Task item:
The response should repeat word for word every line below from the one with "Ninho Para Bebê" to the one with "Spicy Marg Boyfriend", inclusive, and nothing else; leave pictures out.

The records:
++++++++
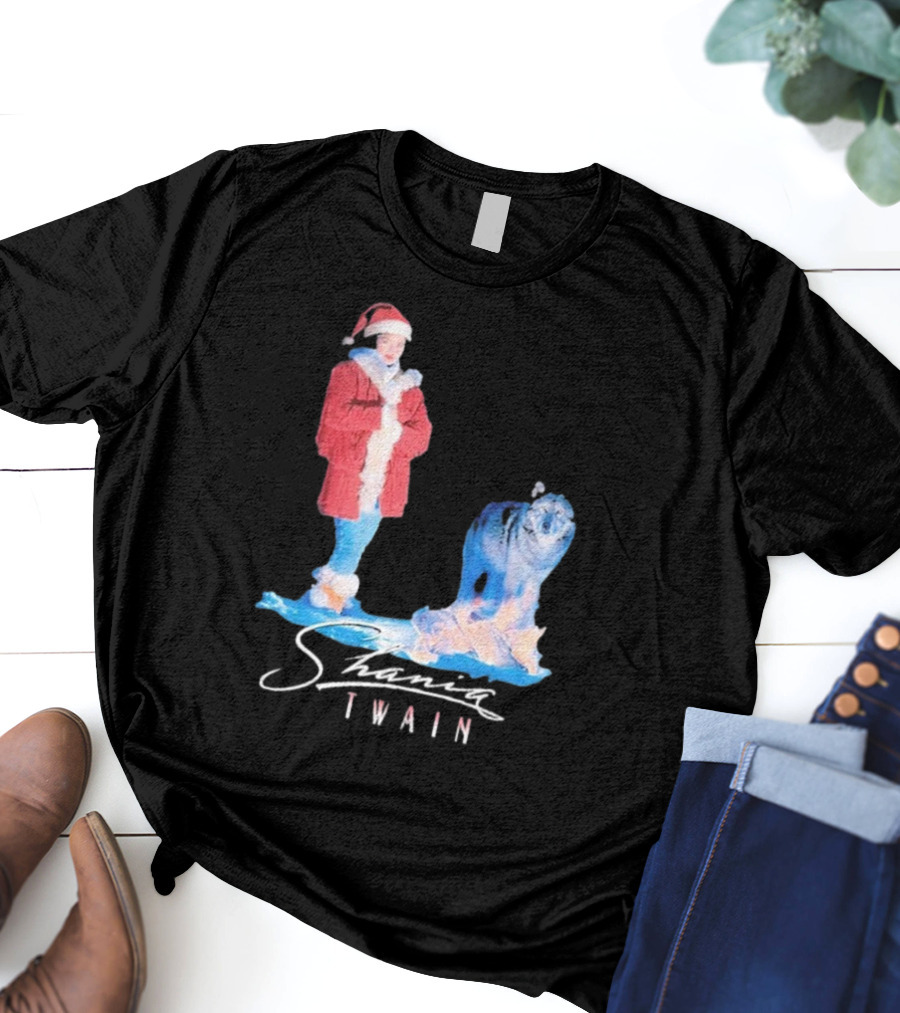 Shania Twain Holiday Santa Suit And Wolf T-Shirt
++++++++
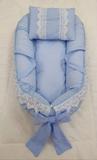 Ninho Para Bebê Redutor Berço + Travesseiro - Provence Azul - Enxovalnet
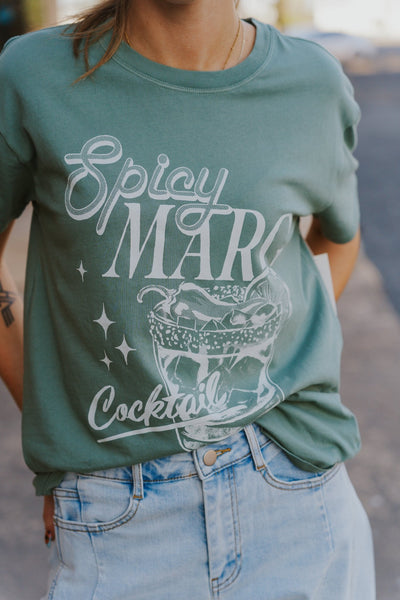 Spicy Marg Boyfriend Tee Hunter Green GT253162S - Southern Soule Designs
++++++++
Written solution:
 Ninho Para Bebê Redutor Berço + Travesseiro - Provence Azul - Enxovalnet
 Spicy Marg Boyfriend Tee Hunter Green GT253162S - Southern Soule Designs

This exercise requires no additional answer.